Join us for a visit to the Finnish National Museum and see how the happiest country in the world evolved over the millennia.
The National Museum, Kansallismuseo, tells us the story of the Finns from the Stone Ages to the present day. Located in the main street in the centre of Helsinki just a few minutes from the main railway station, the museum building is a fantastic example of the national romanticism in the Finnish architecture. It was designed by three leading architects of the Fin de Siècle, Gesellius, Lindgren and Saarinen. Interestingly, they made a great Art Nouveau interior. The museum itself was opened in 1916, just a year before Finland gained its independence.
When you come in, have a look at the ceiling of the entrance hall where you will see four Kalevala-themed frescoes by Akseli Gallen-Kallela: Ilmarinen plowing the viper field, Forging Sampo, Sampo's defence and the Great Pike. Based on the Finnish national epic, they were originally painted for Finland's pavilion at the World Exhibition in Paris in 1900.

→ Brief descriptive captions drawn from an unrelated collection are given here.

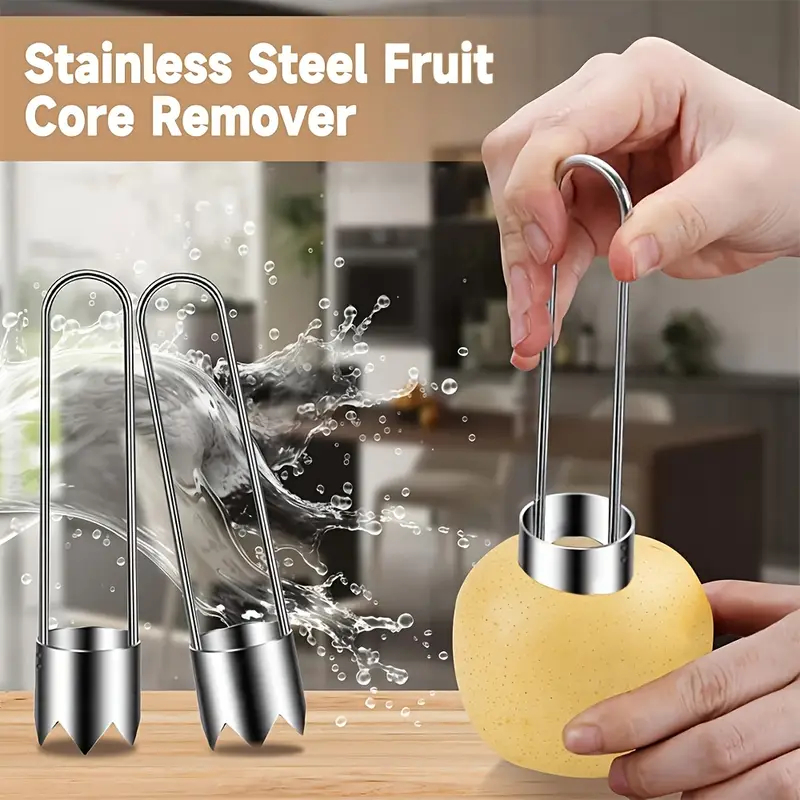 Corer de frutas y verduras de  - Apple Corer Slicer reseña y precio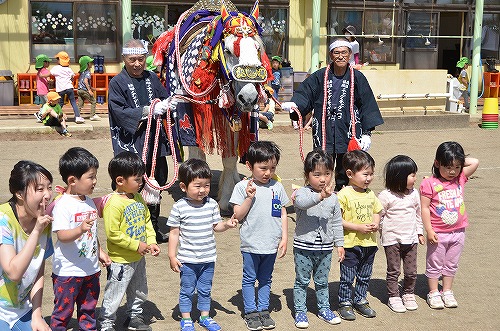 チャグチャグ馬コのPRの様子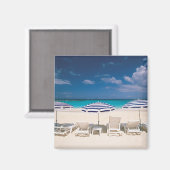 Tropische Strände | Tropischer Strandanguilla Magnet (Vorderseite/Rückseite)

Check also the glass of the inner doors at the entrance and you will see where a stray shot from the Reds came in on 13 April 1918. In the Finnish civil war, the reds fired white and German troops from the barracks close by when the Germans occupied Helsinki.
The museum is a national cultural history museum reviewing the country and its people over the centuries. It contains the oldest and most comprehensive cultural history collections in the country with approximately half a million objects telling us the story of the formal history, folk culture and more largely, also the culture of Finno-Ugric peoples. (Mind you, a huge part of collection of the folk culture was collected in the 19th century by members of Wiipurilainen Osakunta, a student club that I was a member somewhat later towards the end of the 20th century!)

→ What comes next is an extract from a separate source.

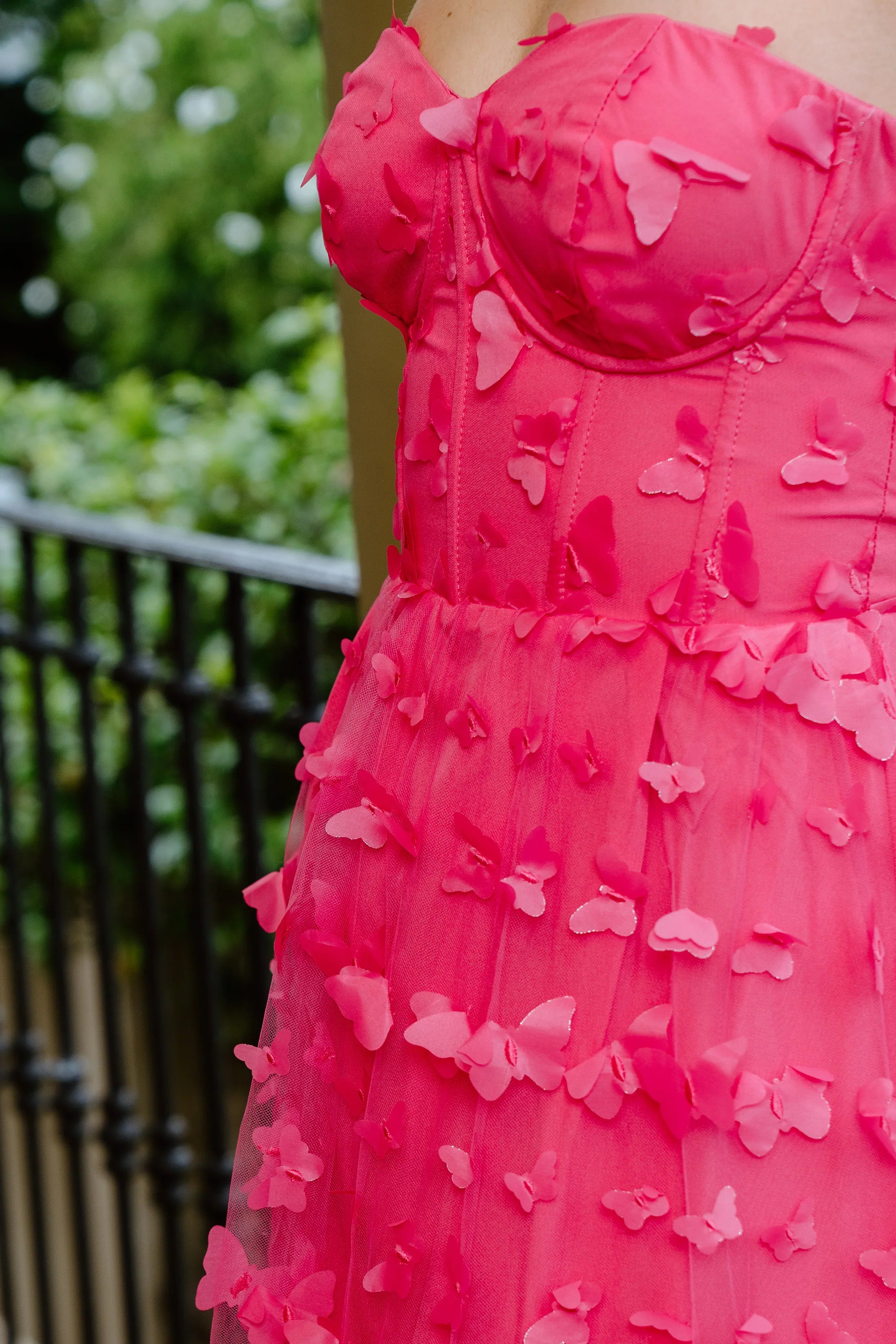 Ariana Strapless Pink Maxi Dress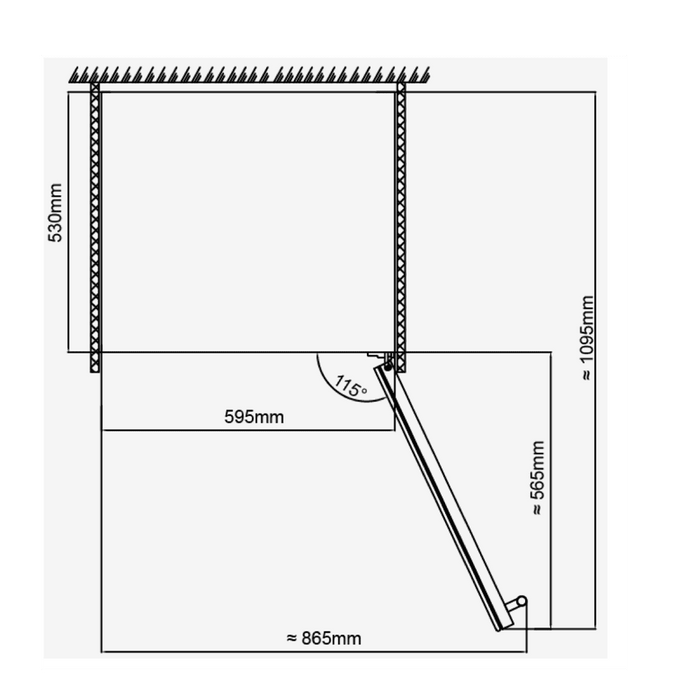 KingsBottle KBU50SA-SS LHH 24 Inch Glass Door Under Counter Steak Ager Fridge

There is an accessible entrance at the street level on Mannerheimintie under the main staircase although a bit complicated. Use the phone there to contact the museum staff to open the door. From there onwards, you can take a lift to all floors. There is a wheelchair lift on the ground floor between the museum shop and the medieval church room.
There is an accessible loo on the ground floor near the entrance.

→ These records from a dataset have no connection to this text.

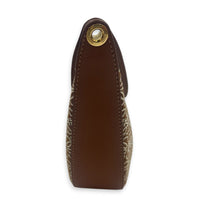 Luna Shoulder Bag Small Tan in Jacquard, Gold hardware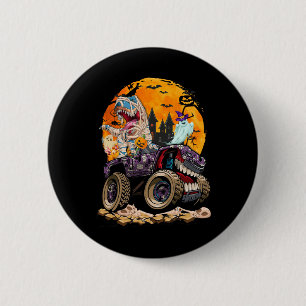 Halloween Boys Kids Dinosaur T rex Dino Pumpkins 2 Inch Round Button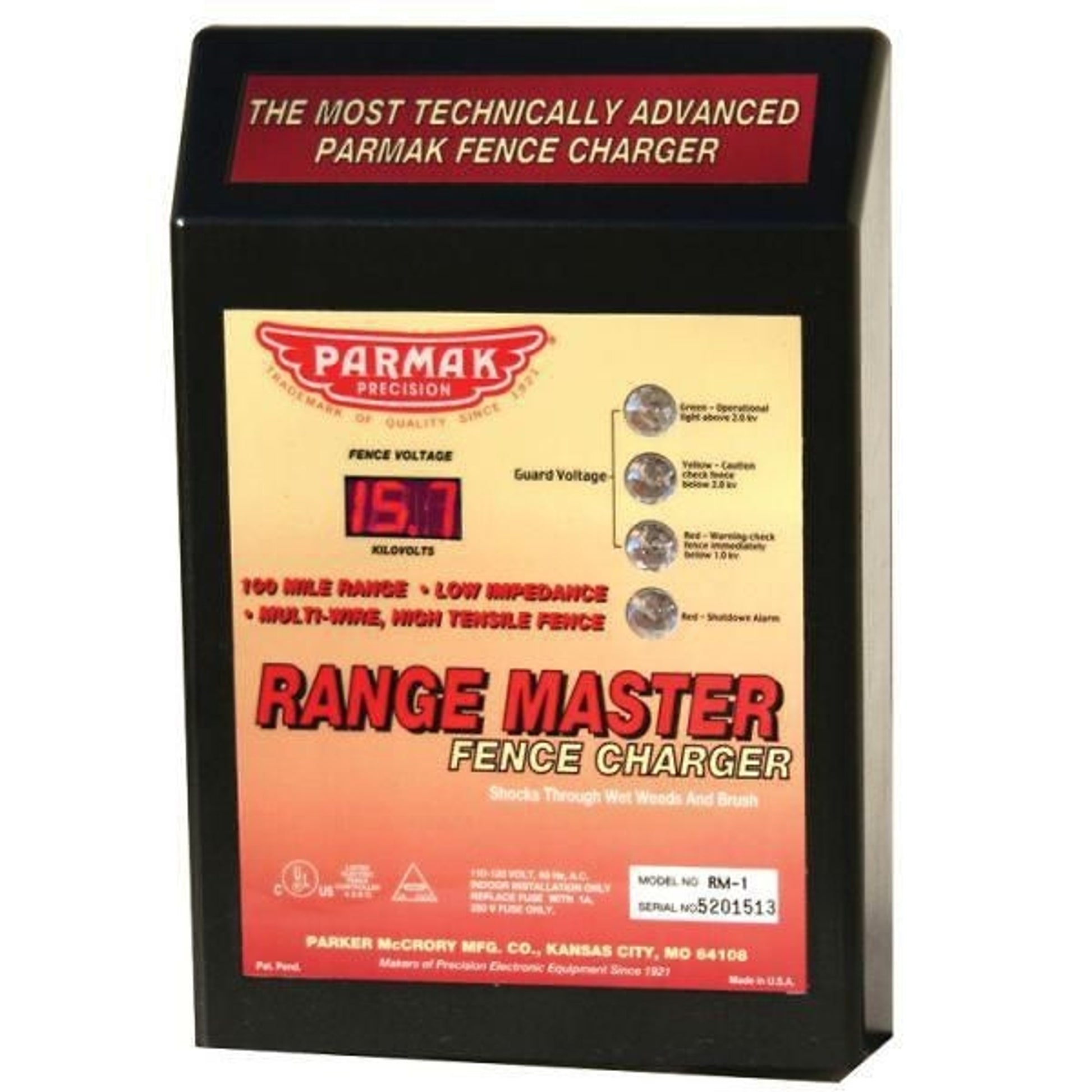 ParmakRange Master Fence Charge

The museum shop next to the entrance is a fantastic place to buy a few truly Finnish mementos in addition to you coffee table books and toys for the kids.
There is a very nice café in the basement serving lunches and an interesting selection of Finnish delicacies, including some vegan choices. On weekdays you can have a full-fledged lunch from a buffet and should you come on a weekend day, you can enjoy a soup.